当前位置: X-MOL 学术Data Technol. Appl. › 论文详情
Our official English website, www.x-mol.net, welcomes your feedback! (Note: you will need to create a separate account there.)
Data cleaning issues in class imbalanced datasets: instance selection and missing values imputation for one-class classifiers
Data Technologies and Applications ( IF 1.7 ) Pub Date : 2021-05-14 , DOI: 10.1108/dta-01-2021-0027
Zhenyuan Wang , Chih-Fong Tsai , Wei-Chao Lin

Purpose

Class imbalance learning, which exists in many domain problem datasets, is an important research topic in data mining and machine learning.

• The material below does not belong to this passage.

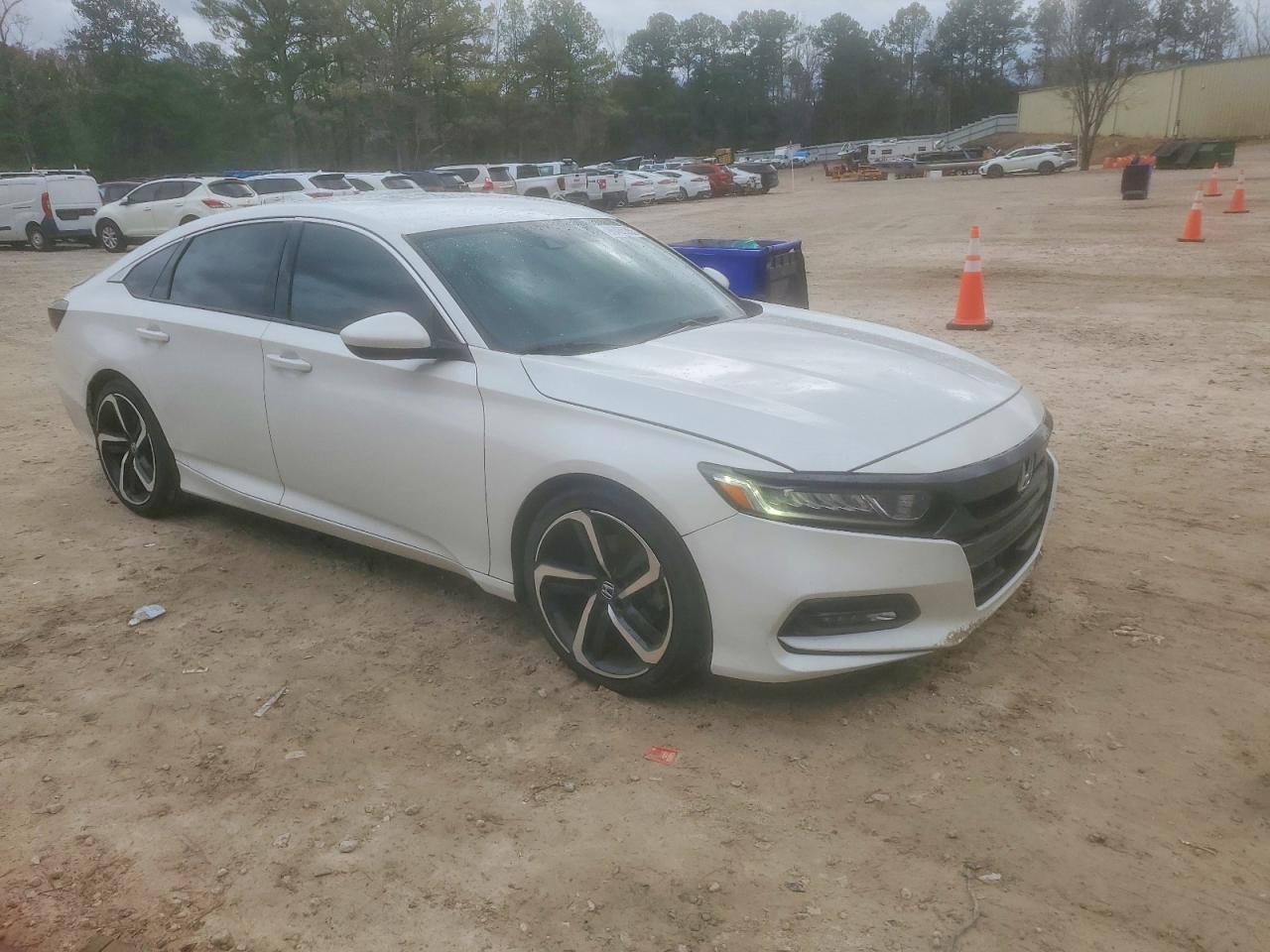 2018 HONDA ACCORD SPORT photo 4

One-class classification techniques, which aim to identify anomalies as the minority class from the normal data as the majority class, are one representative solution for class imbalanced datasets. Since one-class classifiers are trained using only normal data to create a decision boundary for later anomaly detection, the quality of the training set, i.e. the majority class, is one key factor that affects the performance of one-class classifiers.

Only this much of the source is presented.